A prática de exercícios físicos, ao exigir disciplina e repetição, funciona como um mecanismo de controle desse gozo excessivo (LACAN, 1972-73). Segundo Dunker (2011), o esporte, com suas regras e limites, oferece uma forma de domesticar o gozo, permitindo ao sujeito organizar suas pulsões de maneira socialmente aceitável.
Além disso, a repetição inerente à prática esportiva pode ser compreendida como um ritual simbólico que organiza o psiquismo e oferece um espaço de contenção para as angústias inconscientes (LACAN, 1972-73).
A prática de atividade física não só regula tensões, mas também cria um espaço de elaboração simbólica. Segundo Winnicott (1975), o brincar – entendido como qualquer atividade criativa, incluindo o exercício – permite ao sujeito explorar e elaborar suas experiências emocionais de modo seguro.
Durante a prática esportiva, há um deslocamento da atenção consciente, permitindo que conteúdos inconscientes emerjam de forma menos ameaçadora (BIRMAN, 2001). Esse movimento pode ser entendido como um ato simbólico que reorganiza as representações psíquicas, facilitando a elaboração de experiências traumáticas.

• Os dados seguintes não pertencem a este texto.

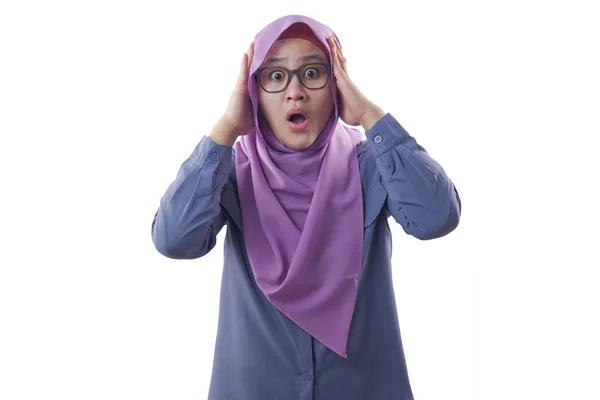 口を開けたショックを受けたアジアのイスラム教徒の女性 — ストック写真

4. O Corpo em Movimento Como Espaço de Elaboração Psíquica
De acordo com Le Breton (2009), o corpo em movimento é também um espaço de reinvenção subjetiva, onde o sujeito pode negociar suas tensões psíquicas e redefinir sua relação com o próprio corpo e com o mundo ao seu redor.
Conclusão
A atividade física, sob a perspectiva da psicanálise, vai além dos benefícios biológicos: ela se configura como um importante dispositivo de regulação psíquica. Ao permitir a descarga pulsional, favorecer a sublimação e regulamentar o gozo, o exercício oferece ao sujeito uma via de elaboração simbólica, contribuindo para a saúde mental.
Dessa forma, integrar a prática de atividades físicas às estratégias de cuidado psíquico pode ser uma ferramenta poderosa para lidar com o mal-estar contemporâneo, promovendo um equilíbrio entre corpo, mente e sociedade (FREUD, 1930; LACAN, 1972-73).
Referências
BIRMAN, Joel. Mal-estar na atualidade: a psicanálise e as novas formas de subjetivação. Rio de Janeiro: Civilização Brasileira, 2001.
DUNKER, Christian Ingo Lenz. Estrutura e Constituição da Clínica Psicanalítica. São Paulo: Annablume, 2011.
FREUD, Sigmund. Estudos sobre a Histeria. 1895.
FREUD, Sigmund. Três ensaios sobre a teoria da sexualidade. 1905.
FREUD, Sigmund. Além do Princípio do Prazer. 1920.
FREUD, Sigmund. O Mal-Estar na Civilização. 1930.
LACAN, Jacques. Escritos. Rio de Janeiro: Zahar, 1966.